MATERIAL FOR THIS TASK:
--------

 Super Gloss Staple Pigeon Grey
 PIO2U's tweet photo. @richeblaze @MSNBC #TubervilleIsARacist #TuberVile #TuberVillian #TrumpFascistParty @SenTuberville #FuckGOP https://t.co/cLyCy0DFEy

--------

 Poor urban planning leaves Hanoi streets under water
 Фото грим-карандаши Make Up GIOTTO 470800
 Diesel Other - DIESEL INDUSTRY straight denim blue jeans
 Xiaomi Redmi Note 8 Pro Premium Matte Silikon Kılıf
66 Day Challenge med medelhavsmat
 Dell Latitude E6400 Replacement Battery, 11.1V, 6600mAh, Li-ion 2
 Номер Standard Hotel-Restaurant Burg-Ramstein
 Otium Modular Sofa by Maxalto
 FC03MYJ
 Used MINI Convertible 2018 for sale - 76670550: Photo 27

--------

BRIEF: In the listing above, find the line with "Фото грим-карандаши Make Up GIOTTO 470800" and the line with "Used MINI Convertible"; output exactly those lines and all lines between them.

EXERCISE OUTPUT:
 Фото грим-карандаши Make Up GIOTTO 470800
 Diesel Other - DIESEL INDUSTRY straight denim blue jeans
 Xiaomi Redmi Note 8 Pro Premium Matte Silikon Kılıf
66 Day Challenge med medelhavsmat
 Dell Latitude E6400 Replacement Battery, 11.1V, 6600mAh, Li-ion 2
 Номер Standard Hotel-Restaurant Burg-Ramstein
 Otium Modular Sofa by Maxalto
 FC03MYJ
 Used MINI Convertible 2018 for sale - 76670550: Photo 27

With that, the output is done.